Single Molecule Magnetism in Linear Fe(I) Complexes with Aufbau and non-Aufbau ground-state

With the ongoing efforts on synthesizing mono-nuclear single-ion magnets (SIMs) with promising applications in high-density data storage and spintronics devices, the linear Fe(I) complexes emerge as the enticing candidates possessing large unquenched angular momentum. Herein, we have studied five experimentally synthesized linear Fe(I) complexes to uncover the origin of single-molecule magnetic behavior of these complexes.

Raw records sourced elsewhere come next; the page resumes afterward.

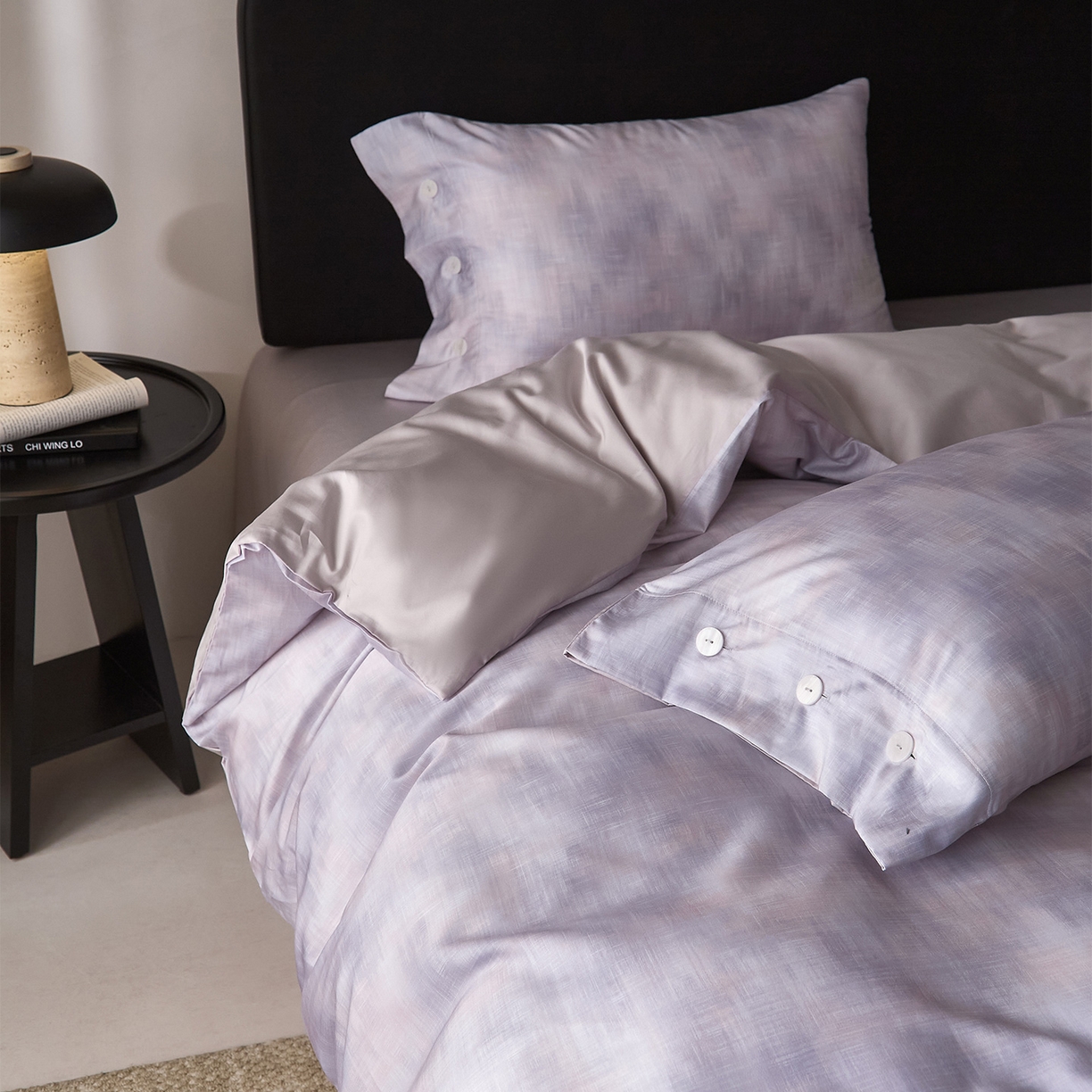 91家纺网 家纺一手货源 找家纺 ONE TWO ONE 121 2026新款100s50支长绒棉纯棉全棉床上用品数码印花四件套纽扣款-墨染江南 墨染江南-紫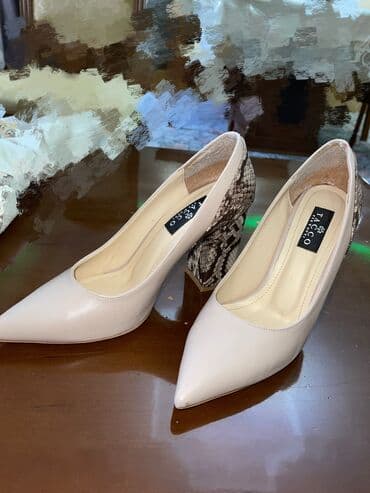 qadin pencekleri: Tuflilər, Ölçü: 40, rəng - Bej, İşlənmiş — 2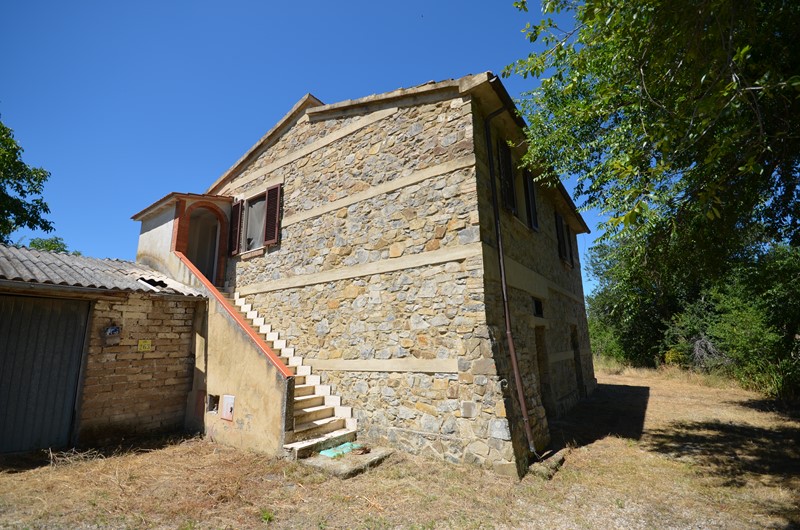 Amiata Immobiliare - Annuncio rif.AZ 99 - AGENZIA IMMOBILIARE AMIATA - Case in vendita sul Monte Amiata - Affitti - Ville casali appartamenti in affitto - appartamenti in vendita sull amiata - REAL ESTATE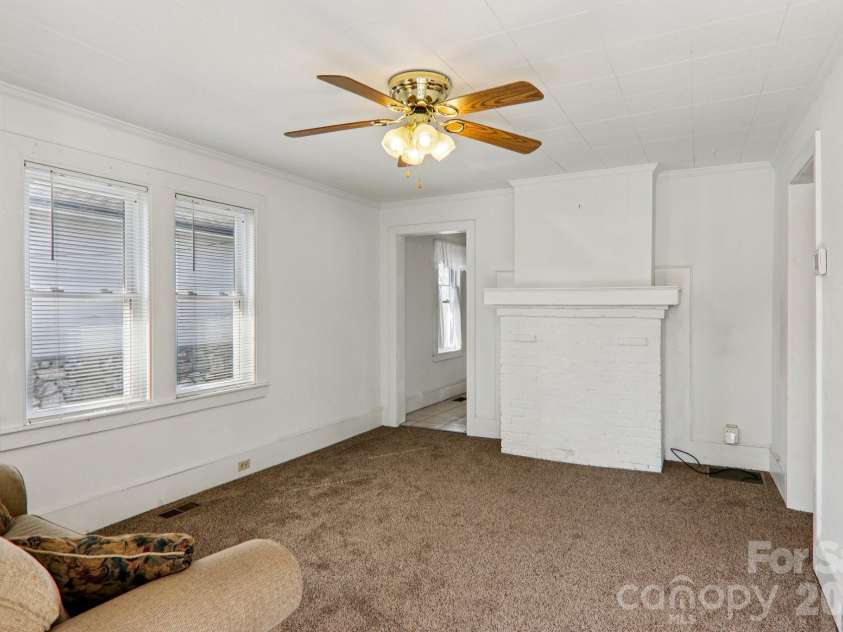 24 Pelzer Street, Asheville, NC 28804.  MLS# CAR4357112, YatesRealty ID 10458. 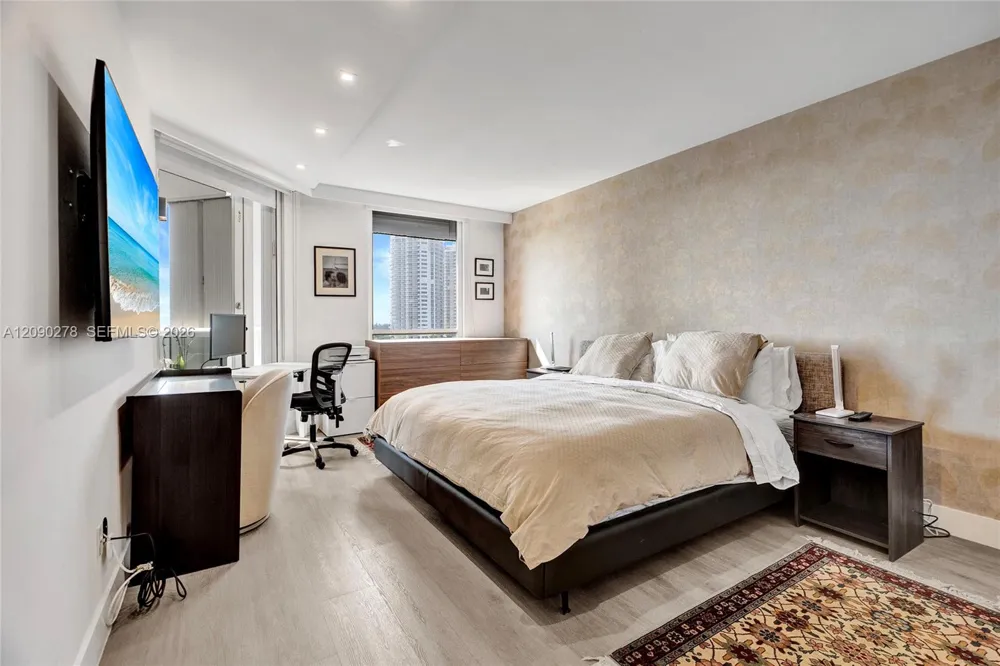21055 Yacht Club Dr #901 Aventura, FL 33180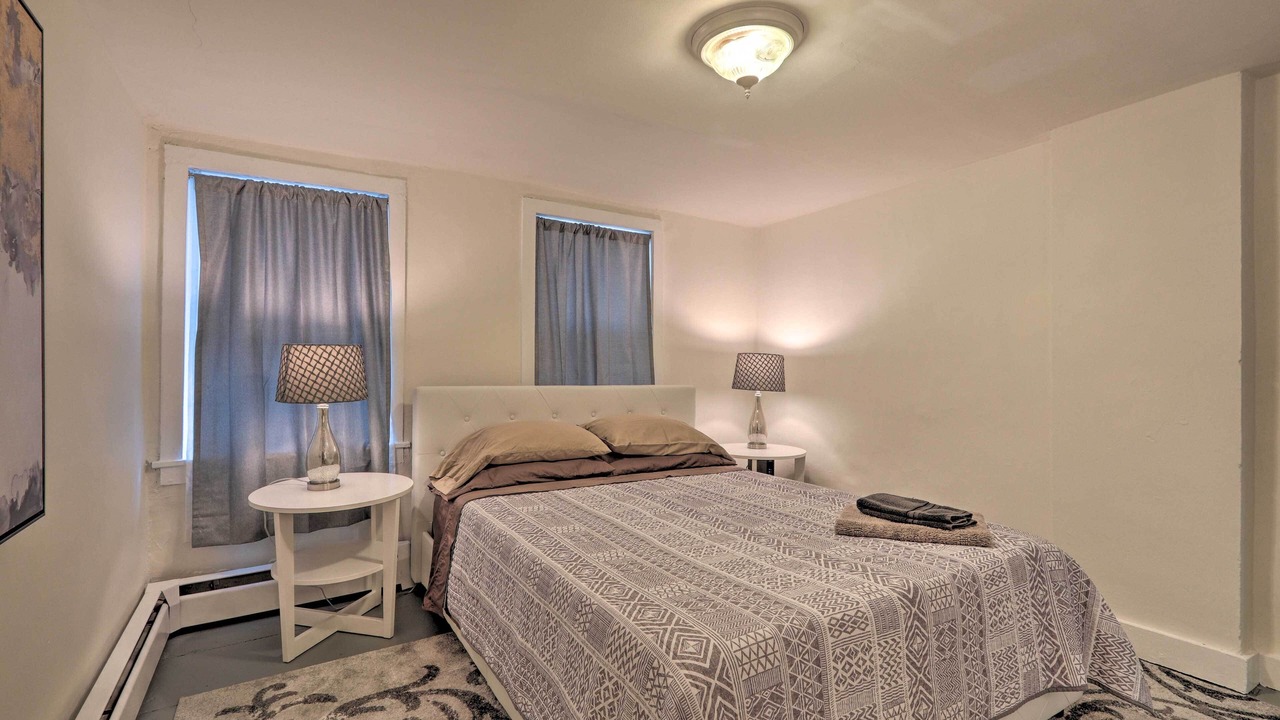 Photo of Bedroom in Lambertville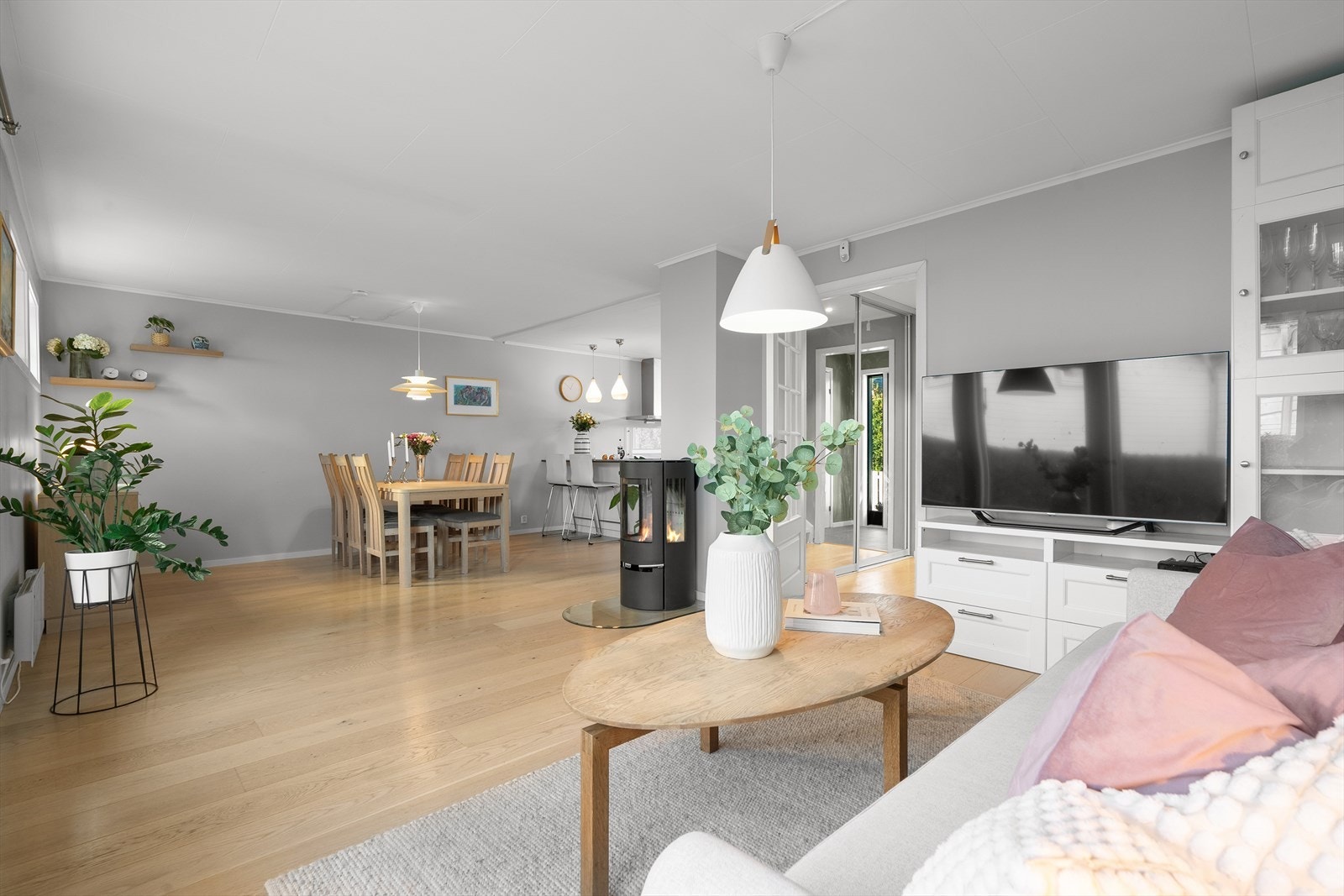 Den åpne planløsningen gir fleksible møbleringsmuligheter, med god plass til både sofagruppe, TV-løsning og et romslig spisebord. Galleribilde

To begin with, we benchmarked our methodology on the experimentally and theoretically well-studied complex, [Fe{C(SiMe3)}3]−1] (1) (SiMe3 = trimethylsilyl) which is characterized with large spin-reversal barrier of 226 cm−1 [Nat. Chem. 2013, 5, 577–581]. Further, the two Fe(I) complexes, i.e., [Fe(cyIDep)2]+1 (2) ((cyIDep= 1,3-bis(20,60-diethylphenyl)-4,5-(CH2)4-imidazol-2-ylidene) and [Fe(sIDep)2]+1] (3) (sIDep = 1,3-bis(20,60-diethylphenyl)-imidazolin-2-ylidene) are studied that do not possess SIM behavior under ac or dc magnetic fields, however, they are reported to exhibit large opposite axial zero field splitting (-62.4 and +34.0 cm−1 respectively) from ab initio calculations. Employing state-of-the-art ab initio calculations, we have unwrapped the origin of this contrasting observation between experiment and theory by probing their magnetic relaxation pathways and the pattern of d-orbitals splitting. Additionally, the two experimentally synthesized Fe(I) complexes, i.e., [(η6-C6H6)FeAr*-3,5-Pri 2] (4) (Ar*-3,5-Pri 2 = C6H-2,6-(C6H2-2,4,6-Pri 3)2-3,5-Pri 2) and [(CAAC)2Fe]+1 (5) (CAAC = cyclic (alkyl)(amino)carbene) are investigated for SIM behavior, since there is no report on their magnetic properties. To this end, complex 4 presents itself as the potential candidate for SIM.